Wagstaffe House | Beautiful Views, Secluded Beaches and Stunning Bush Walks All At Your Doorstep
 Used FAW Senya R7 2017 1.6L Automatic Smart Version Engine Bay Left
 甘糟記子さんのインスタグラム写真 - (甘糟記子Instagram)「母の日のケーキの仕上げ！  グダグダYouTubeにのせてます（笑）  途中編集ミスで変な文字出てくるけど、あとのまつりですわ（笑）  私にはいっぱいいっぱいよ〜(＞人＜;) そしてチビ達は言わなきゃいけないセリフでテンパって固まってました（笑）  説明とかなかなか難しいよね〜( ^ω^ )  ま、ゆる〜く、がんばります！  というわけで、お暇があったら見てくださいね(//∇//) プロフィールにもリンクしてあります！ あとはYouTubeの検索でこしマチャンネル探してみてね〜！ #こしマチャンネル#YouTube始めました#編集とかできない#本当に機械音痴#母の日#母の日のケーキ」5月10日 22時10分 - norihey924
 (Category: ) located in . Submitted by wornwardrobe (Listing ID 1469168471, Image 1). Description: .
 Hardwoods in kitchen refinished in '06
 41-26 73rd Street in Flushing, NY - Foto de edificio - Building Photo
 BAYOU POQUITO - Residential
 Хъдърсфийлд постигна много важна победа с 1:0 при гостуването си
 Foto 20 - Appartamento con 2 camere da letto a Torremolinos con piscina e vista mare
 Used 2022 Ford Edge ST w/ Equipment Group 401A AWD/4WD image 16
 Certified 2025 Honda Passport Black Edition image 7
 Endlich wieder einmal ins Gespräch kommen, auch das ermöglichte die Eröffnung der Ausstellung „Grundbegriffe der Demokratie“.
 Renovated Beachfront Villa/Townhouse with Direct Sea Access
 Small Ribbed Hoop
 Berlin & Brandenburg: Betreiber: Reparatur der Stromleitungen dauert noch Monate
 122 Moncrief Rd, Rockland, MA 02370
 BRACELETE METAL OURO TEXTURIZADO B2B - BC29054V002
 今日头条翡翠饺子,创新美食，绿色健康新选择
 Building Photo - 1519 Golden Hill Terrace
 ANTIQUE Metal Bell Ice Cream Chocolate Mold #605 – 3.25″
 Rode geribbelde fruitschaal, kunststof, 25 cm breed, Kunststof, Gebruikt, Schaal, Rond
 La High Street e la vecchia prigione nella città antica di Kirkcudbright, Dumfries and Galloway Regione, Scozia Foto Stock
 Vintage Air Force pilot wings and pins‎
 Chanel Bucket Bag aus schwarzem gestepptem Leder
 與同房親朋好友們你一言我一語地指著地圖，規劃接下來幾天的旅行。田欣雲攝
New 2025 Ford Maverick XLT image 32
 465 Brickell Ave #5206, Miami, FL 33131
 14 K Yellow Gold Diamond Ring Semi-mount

The task:
Begin with the line that contains "Berlin & Brandenburg: Betreiber: Reparatur" and end with the last line of the material above. Set down that range exactly.

Response area:
 Berlin & Brandenburg: Betreiber: Reparatur der Stromleitungen dauert noch Monate
 122 Moncrief Rd, Rockland, MA 02370
 BRACELETE METAL OURO TEXTURIZADO B2B - BC29054V002
 今日头条翡翠饺子,创新美食，绿色健康新选择
 Building Photo - 1519 Golden Hill Terrace
 ANTIQUE Metal Bell Ice Cream Chocolate Mold #605 – 3.25″
 Rode geribbelde fruitschaal, kunststof, 25 cm breed, Kunststof, Gebruikt, Schaal, Rond
 La High Street e la vecchia prigione nella città antica di Kirkcudbright, Dumfries and Galloway Regione, Scozia Foto Stock
 Vintage Air Force pilot wings and pins‎
 Chanel Bucket Bag aus schwarzem gestepptem Leder
 與同房親朋好友們你一言我一語地指著地圖，規劃接下來幾天的旅行。田欣雲攝
New 2025 Ford Maverick XLT image 32
 465 Brickell Ave #5206, Miami, FL 33131
 14 K Yellow Gold Diamond Ring Semi-mount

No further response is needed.